An interesting quote came my way on Twitter:

God hates the sacrifices of these [i.e., heretics] and pushes them away from Himself, and whenever they come together in the name of the Lord, He abhors their stench, and holds His nose…

Fortunately the tweeter had a reference:

Comment in Amos Proph, P.L. 25 1053-1054.

Those are dramatic words.  But the first question with any quotation is the same: is it accurate?

The PL 25 is online, and col. 1053 is here (or here).  As soon as we open it, and find ourselves in the Commentary on Amos (Commentariorum In Amos Prophetam Libri Tres), book 2, chapter 5, we find that the context is the well-known words of God through Amos, vv. 21-22, to the corrupt Israelites, “I hate your festivals…”.

The words are these (1053 D):

Horum Deus odit sacrificia, et a se projicit, et quotiescumque sub nomine Domini fuerint congregati, detestatur foetorum eorum, et claudit nares suas.

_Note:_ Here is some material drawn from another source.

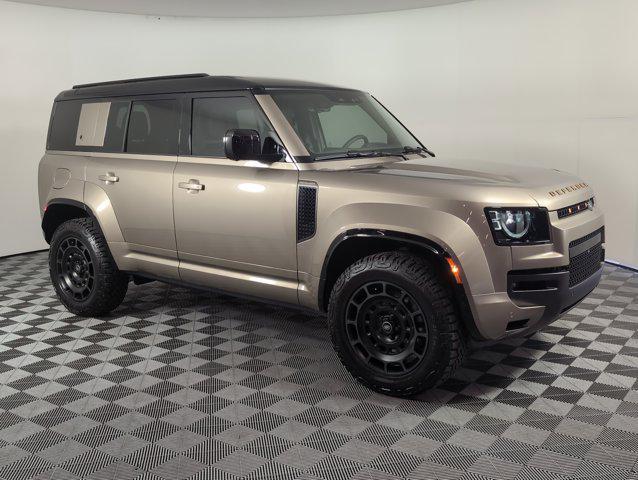 new 2025 Land Rover Defender car, priced at $160,558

Jerome is, then, simply addressing the words of Amos to the heretics also, and with good reason.

The phrasing is shocking to our polite sensibilities.  We tend to think of “heretics” as us: people of sincerity and goodwill, who merely happen to hold some mistaken opinion, perhaps even unknowingly, and are sought out by malicious and narrow-minded people bent on condemnation.

But a better example in our own time is the Caiaphas kind of churchman, full of his own “piety”, full of “holy” phrases, yet ever eager to acquiesce in, or to advance vice of any and every kind, so long as it is to his liking.  The heretic has contempt for Christian teaching.  Our Lord condemned such people in the strongest terms, and they are not absent from our own day, as anyone who has followed the sad story of the American episcopalian church will know.  The problem is rather that we are far too reluctant to identify these infiltrators as such.

The ancient term still has value.  It is a characteristic of these people today that they demand the name of Christian for themselves.  In consequence they tend to scream at anyone who dares to suggest that some people might not, in fact, be Christians.  In fact it is a fingerprint of the heretic that they refuse to allow anyone to suggest that someone else is not a Christian.  More than one Christian has found himself censored, when responding to an attempt to point out that such and such a view – happily accepted by the heretics – is not Christian.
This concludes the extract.